Would you repeat word for word the lines of the listing that follows, from the one with "Youth Ultra Cotton" up to and including the one with "泰国人只喜欢中国人，印度人在泰国只会受到歧视？", and leave out the images?
Start of RAW DATA
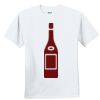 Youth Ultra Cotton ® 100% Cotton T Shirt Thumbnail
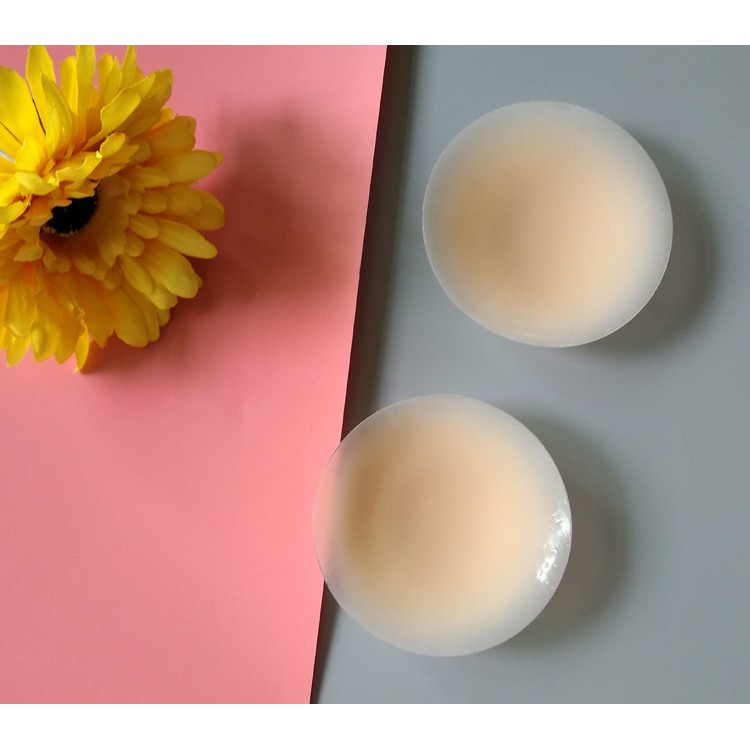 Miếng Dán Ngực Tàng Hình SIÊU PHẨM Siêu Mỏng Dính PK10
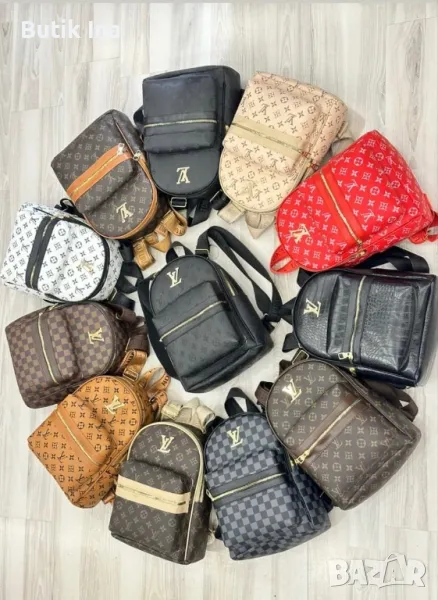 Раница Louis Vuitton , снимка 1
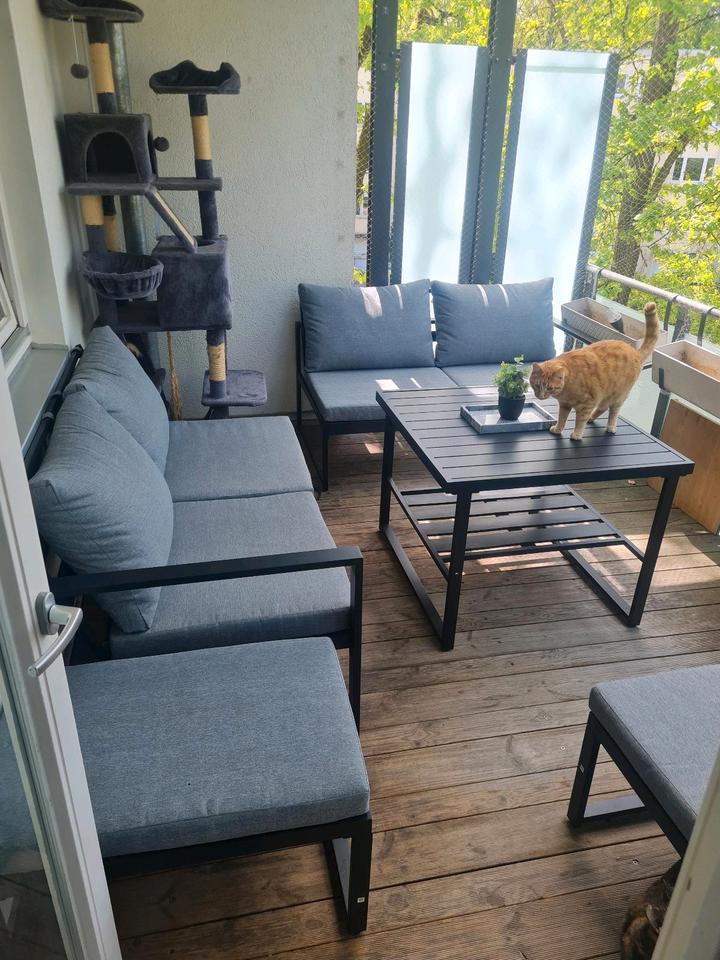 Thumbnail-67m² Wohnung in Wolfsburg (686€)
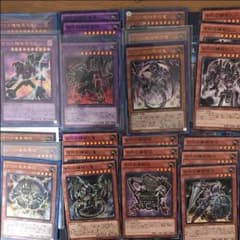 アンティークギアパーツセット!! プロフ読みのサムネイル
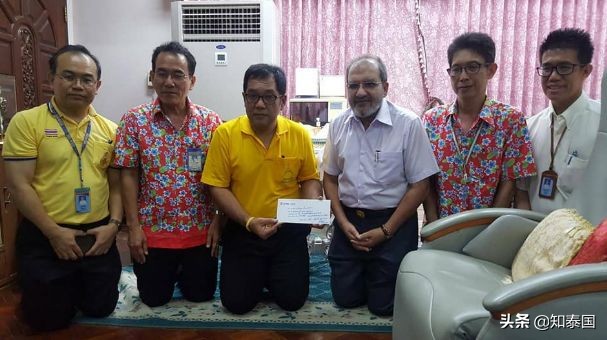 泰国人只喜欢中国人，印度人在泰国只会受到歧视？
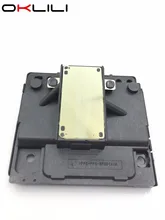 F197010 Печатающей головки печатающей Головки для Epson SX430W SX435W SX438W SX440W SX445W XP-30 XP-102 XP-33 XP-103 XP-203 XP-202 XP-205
End of RAW DATA
Start of RAW DATA
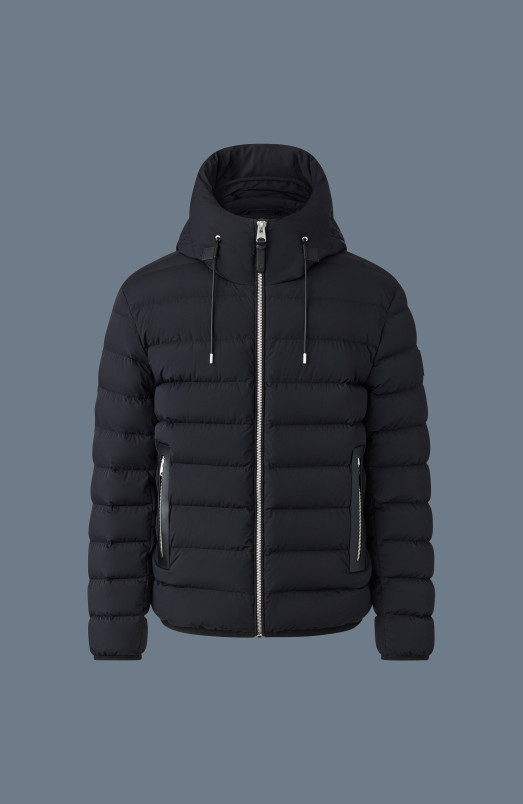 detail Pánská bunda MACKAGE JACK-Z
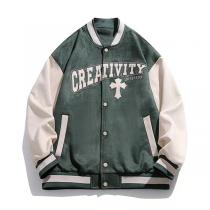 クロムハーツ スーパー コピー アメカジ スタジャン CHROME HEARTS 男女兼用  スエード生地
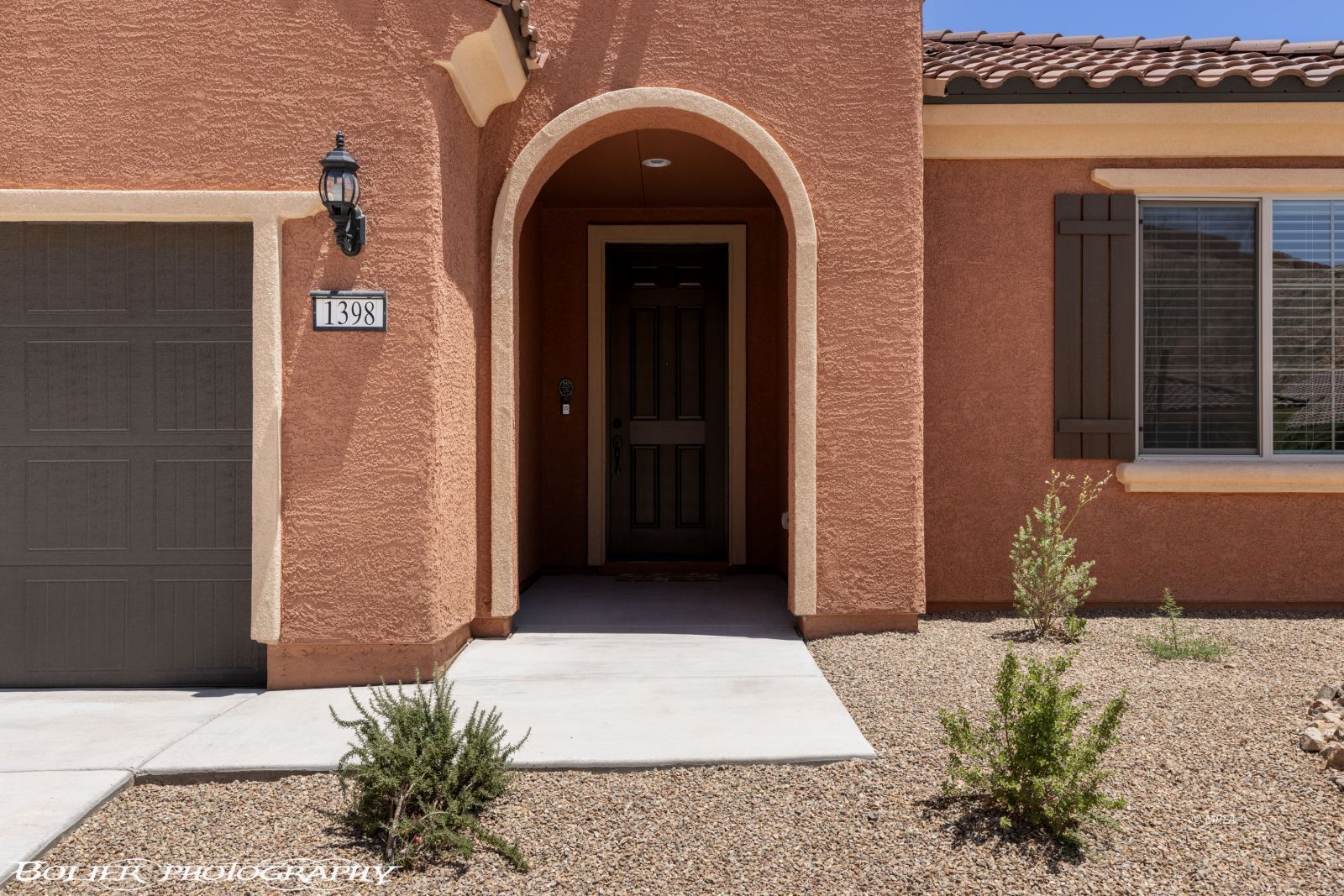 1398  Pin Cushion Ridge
End of RAW DATA
### EXERCISE RESPONSE
 Youth Ultra Cotton ® 100% Cotton T Shirt Thumbnail
 Miếng Dán Ngực Tàng Hình SIÊU PHẨM Siêu Mỏng Dính PK10
 Раница Louis Vuitton , снимка 1
 Thumbnail-67m² Wohnung in Wolfsburg (686€)
 アンティークギアパーツセット!! プロフ読みのサムネイル
 泰国人只喜欢中国人，印度人在泰国只会受到歧视？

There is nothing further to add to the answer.